What is "Lulu" about?  I have no idea, beyond what I read about it's being based on a series of German plays.  Lou's singing from the point of view of a woman for most of it.  He gets really earthy here, almost as though the idea was to continue the song cycle begun on "Berlin", but maybe with the idea that that chronicle of abuse of various stripes (domestic, drugs) erred on the side of being rather too happy-go-lucky, all puppies and rainbows.  Here he yelps about "the smell of your armpits, the taste of your vulva," elsewhere raving about "blood spurting from me" and a "colored man's dick". 

In fact he lets you know where it's at right from the beginning: "I would cut my legs and tits off when I think of Boris Karloff and Kinski/It made me dream of Nosferatu trapped on the isle of Doctor Moreau/Oh wouldn't it be lovely/I was thinking Peter Lorre /When things got pretty gory as I crossed to the Brandenburg Gate".  You can throw the towel in right there if you're so inclined.  As for me, he had me with the entwining of Karloff and Kinski.  I love my rockers to be film-literate.

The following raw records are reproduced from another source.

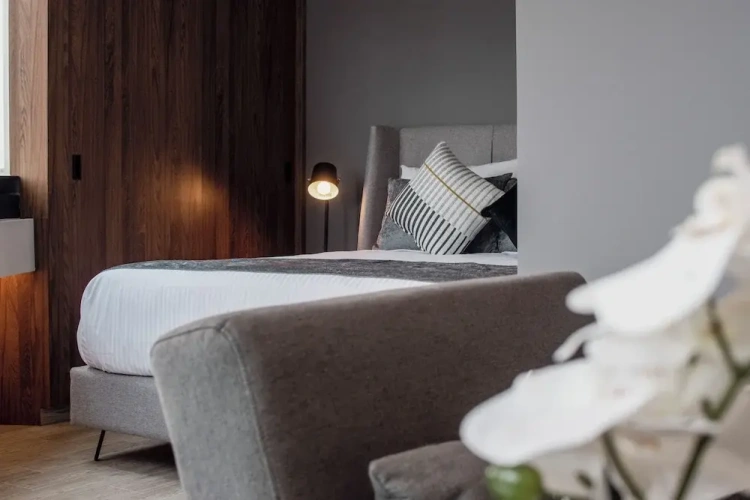 1 Bedroom Premium Apartment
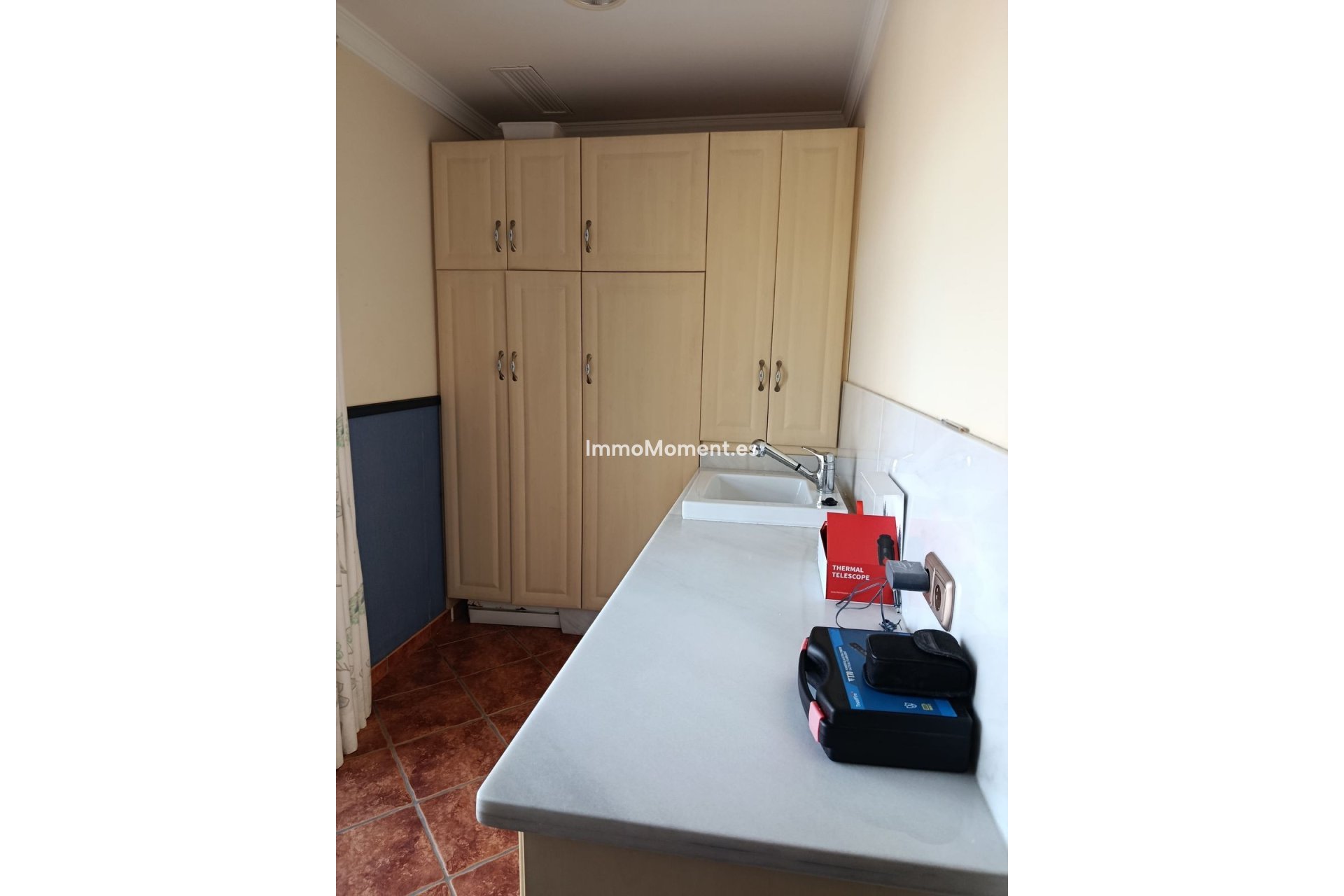 Reventa - Villa independiente - Casares - Casares Playa
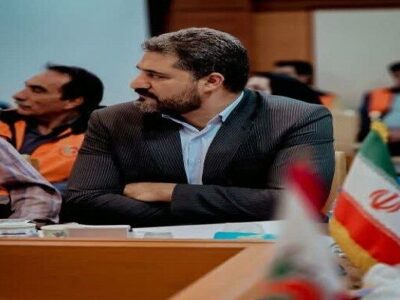 مشکل جاده روستای کوفی در استان چهارمحال و بختیاری با تأمین
۱۸ میلیارد تومان حل می‌شود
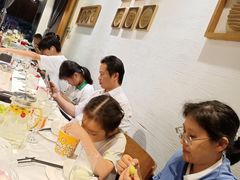 -福海居烤鸭店(鸟巢店)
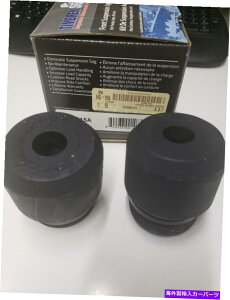 �T�X�y���V���� Timbren GMFK15A�t�����g�T�X�y���V�����w���p�[�X�v�����O�L�b�g�V���o�[�h�V�G��1500 Timbren GMFK15A Front Suspension Helper Spring Kit for Silverado Sierra 1500�y���s�A���i�z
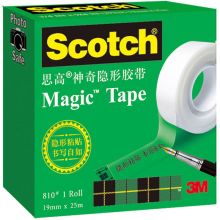 3M 810-QC25 (单位：包)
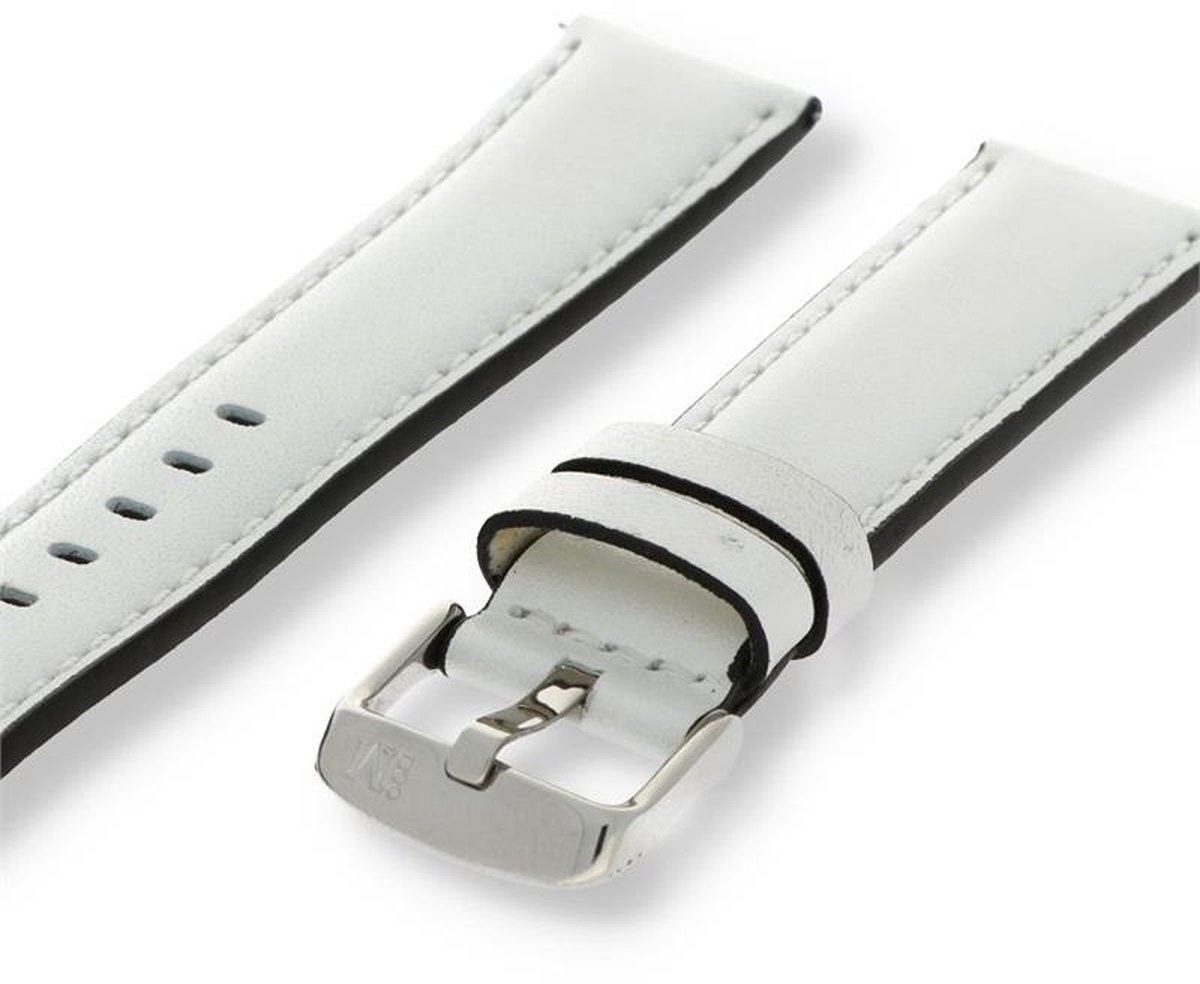 Morellato PMX017CROQET.EC20 Sport Collection Horlogeband - 20mm
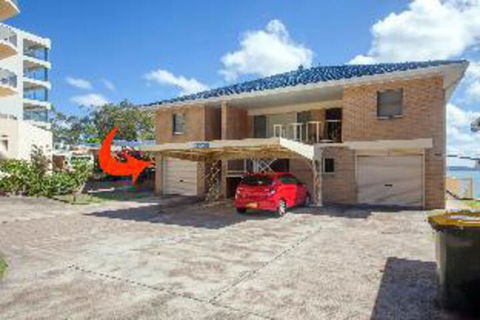 2 Bedroom Apartment Quarterdeck Unit 3 - Accommodation Sydney 4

As fun and mad as the thrashers are, they are not the best things here.  "Lulu"s capper is a gentle song called "Junior Dad" that ends with a gorgeous extended coda of guitar washes that sound like cellos and violins.  But then, as much as he's known for limning the limits of loathing, the contours of contempt, the secret of Lou's music is that it's really about love.  It always has been.  About the redemptive power of love in this world.  A world of meanness, yes, which all honest art must reflect...but that's never the whole picture, must not be the whole picture in any art that is honest and whole.  After all, it was Lou who warned us all those years ago about those "evil mothers" who would tell us that "everything is just dirt".  I get the same feeling listening to "Junior Dad" as I do from "Set the Twilight Reeling" or "Coney Island Baby", and I think of the lines in that latter song which have always layed me out (emphasis mine): "When you're all alone and lonely in your midnight hour/and you find that your soul it's been up for sale...well, remember the princess who lived on the hill/who loved you even though she knew you was wrong."

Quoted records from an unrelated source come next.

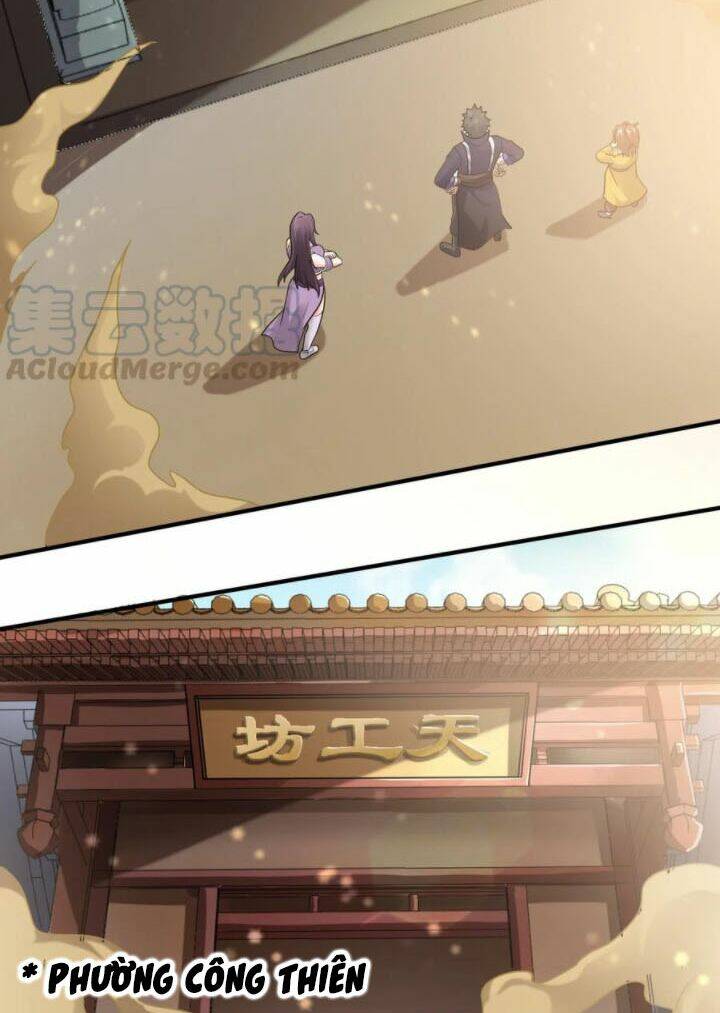 Nguyên Long: Chapter 146
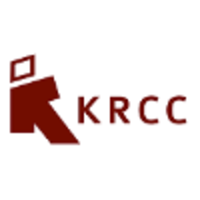 KRCC logo, KRCC contact details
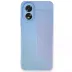 Oppo A38 Kılıf Auto Focus Kapak - Mavi 2
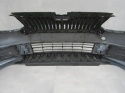 Zderzak przód przedni Skoda Fabia 3 III 6V0 14-18 / PŁYTA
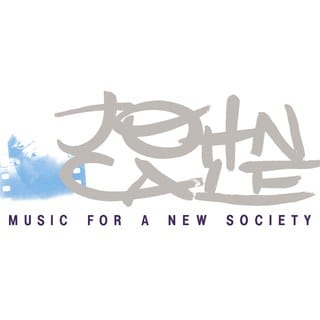 Music for a New Society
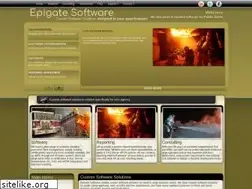 Sites similar to epigate.com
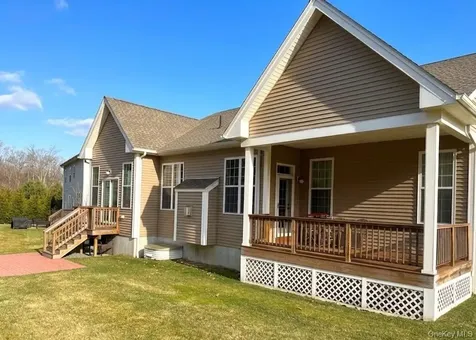 10 W Tilden Place Hopewell Junction NY 12533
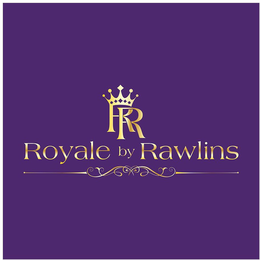 RR ROYALE BY RAWLINS trademark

And then the lines that cut to the heart of it, of what it's always been about: "And the glory of love, the glory of love might see you through."   

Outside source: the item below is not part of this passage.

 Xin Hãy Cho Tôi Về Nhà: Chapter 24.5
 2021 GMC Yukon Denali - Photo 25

"Junior Dad" contains these lines:

"Pull me up
Would you be my lord and savior
Pull me up by my hair
Now would you kiss me, on my lips

An island of lost souls

Sunny, a monkey then to monkey
I will teach you meanness, fear and blindness
No social redeeming kindness."

And then he whispers, in awe, in a moment of transcendence:

"Oh, state of grace."

Next up for Metallica?  I was thinking I'd like to hear 'em back up Neil Young.  Or you know, I've thought for years that the way Dylan's singing these days, he'd sound great fronting a death-metal band.